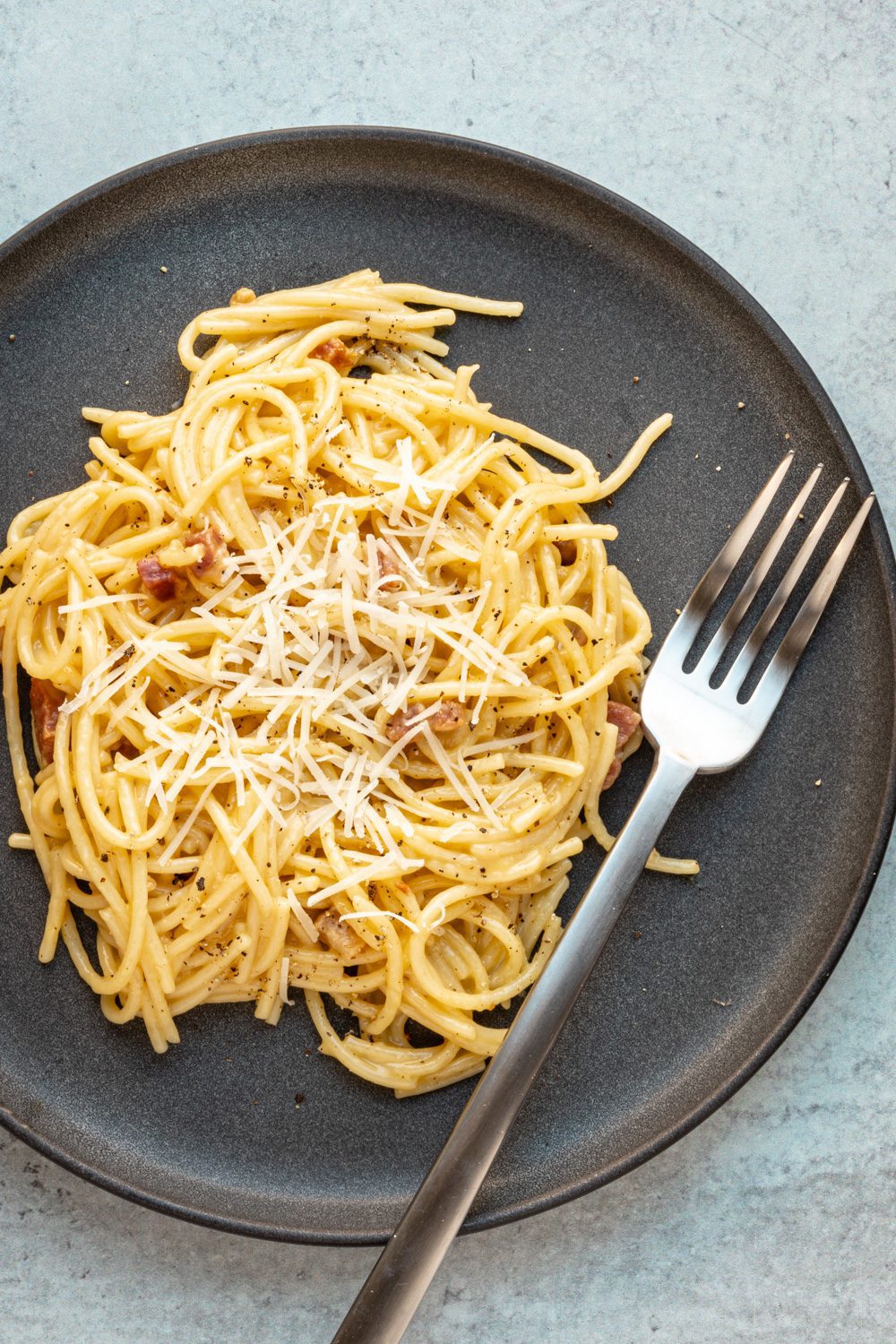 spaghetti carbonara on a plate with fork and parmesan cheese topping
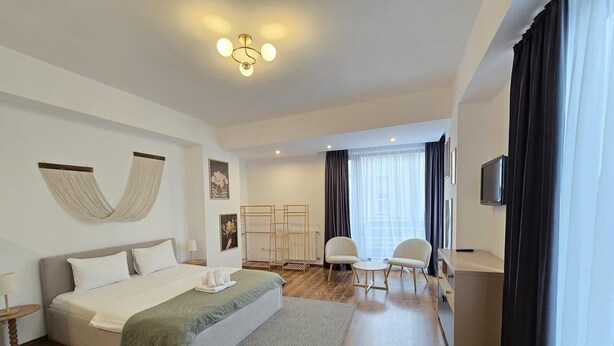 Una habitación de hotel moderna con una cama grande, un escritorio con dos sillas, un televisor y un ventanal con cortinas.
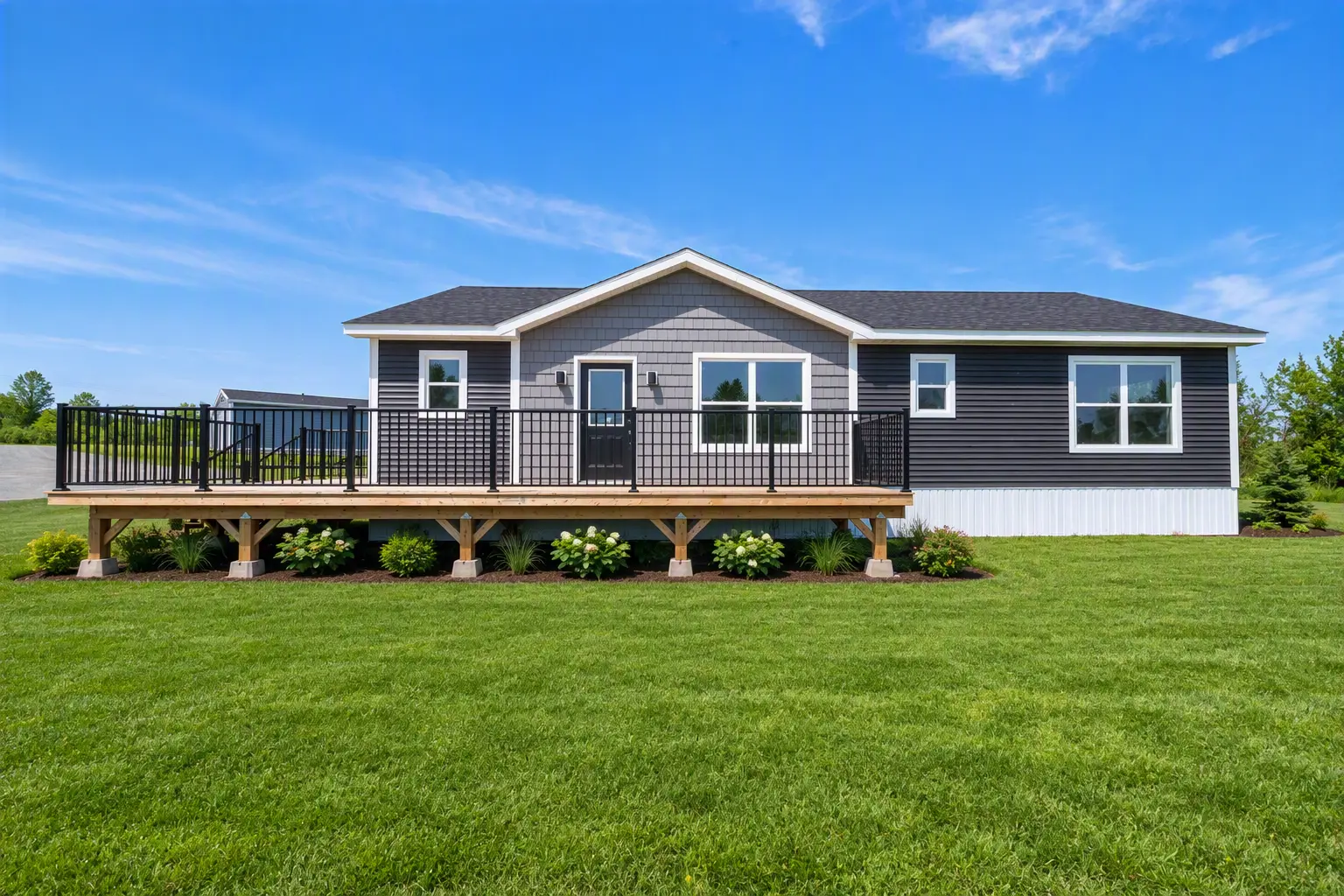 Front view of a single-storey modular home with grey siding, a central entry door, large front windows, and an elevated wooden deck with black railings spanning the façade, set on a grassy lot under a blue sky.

__________________________________________________

**DESCRIPTION OF THE TASK:** Nothing but the lines from the line containing "Una habitación de" through the last line of the material may be output, and they must be copied exactly, without pictures.

**ANSWER:**
 Una habitación de hotel moderna con una cama grande, un escritorio con dos sillas, un televisor y un ventanal con cortinas.
 Front view of a single-storey modular home with grey siding, a central entry door, large front windows, and an elevated wooden deck with black railings spanning the façade, set on a grassy lot under a blue sky.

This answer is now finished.